Helena Ramos (la nostra Yelena, de Franklin Caldera y mía) ganó recientemente el Premio de Poesía “Mariana Sansón” 2006, con su libro Polychromos. Asunto de suma importancia por los merecimientos del libro y el premio, su otorgamiento es un acto celebratorio de la poesía. Sin embargo, hay una cosa igualmente importante: desde el Pater Azarías H. Pallais (1885-1954) nadie en la literatura nicaragüense, centroamericana o latinoamericana que, yo sepa, había incursionado al fondo de la noche en el juego, indagación y aprovechamiento poético de los colores como lo ha hecho Yelena Rounova. Su libro indaga la posibilidad del ser por medio de los colores. Y su indagación no es vana. Cada texto suyo trasciende la gracilidad para plantear y sugerir respuestas humanas.
El título en griego polykhrômo no es un esnobismo. Alude a la búsqueda del ser por la multiplicidad de colores. «Estas últimas no sólo son múltiples sino multiformes, y con frecuencia yacen en capas tan profundas del pensar que el entendimiento ordinario es incapaz de alcanzarlas.»1 En su libro, cada trazo amarillo, bermellón, verde, naranja, terracota, azul es un camino para la búsqueda. Policromo, o policromía en español, sólo enfatizaría cosa de «diversos colores», o «mezcla de diversos colores». En Polychromos hay una criatura cuya esencia y sustancia es la pluralidad de colores. La diversidad la hace una y única. Los colores no son accesorios; no representan una mezcla, ni un collage sin propósito alguno. Constituyen el mismo ser. Algo más, mucho más que la simple aglomeración de colores. Detrás de sus “inocentes” textos hay una persecución obstinada de su propia individualidad. Esta nica-rusa no juega a la acuarela pastel.
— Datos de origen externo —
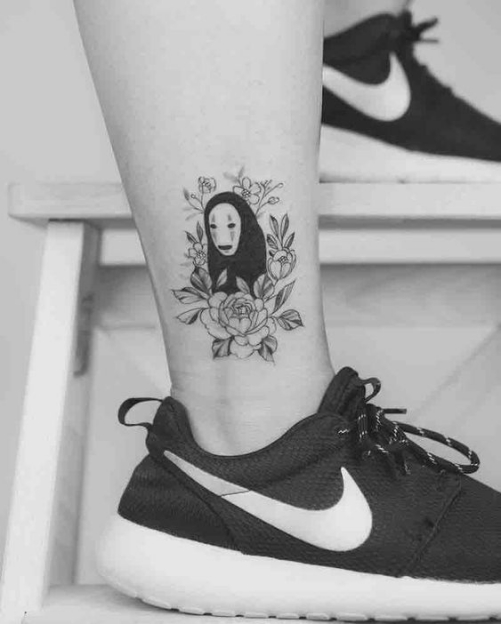 Hình xăm nghệ thuật tatoo mini màu trắng đen dễ thương nhất ở chân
Me abstengo de insertar parrafitos que alarguen o seudo demuestren mis afirmaciones. No practico el juego de Amado Alonso. Esta nota sólo es mi propia lectura de un libro. Pero creo que cualquiera que lea Polychromos con alguna atención encontrará en él un desborde de lo que, tradicionalmente, sugiere el fino, salonero instantáneo, haikus japonés. Los de Yelena mascan yerba amarga. Están cargados. Son dados disfrazados de cordero. Las cinco o cuatro ilustraciones del libro tampoco son gratuitas. Están allí para advertirle al lector: ‘Cuidado, usted pisa terreno minado’.
Yelena (un nombre más cerca de Helena la mítica y muy lejos de Elena la castellana), nacida en Yaroslavl, estudiada en San Petersburgo (en el San Petersburgo de Speak, memory), trae en su iris todos los colores de aquellos museos trajinados en la juventud. Incluso, no sería grave riesgo afirmar: todos sus textos provienen de la mirada. Asoleados y asolados por los mantos de nieve zhivagiana, curiosamente, aquí en Nicaragua adquieren el brillo calcinante del trópico, cosa que apenas se presiente en Pallais y su manejo de los colores. Claro, siempre habrá en ella algo que el ojo nicaragüense o tropical no captará enteramente. Su matriz rusa --imposible de soslayar puesto que constituye su raíz-- alumbrará siempre la vendimia de ayer en el sol de ahora. Si hay pasión y complicidad, el lector sabrá qué alimentos masca la criatura Polychromos.

26-07-07
1 Poe, The Murders in the Rue Morgue.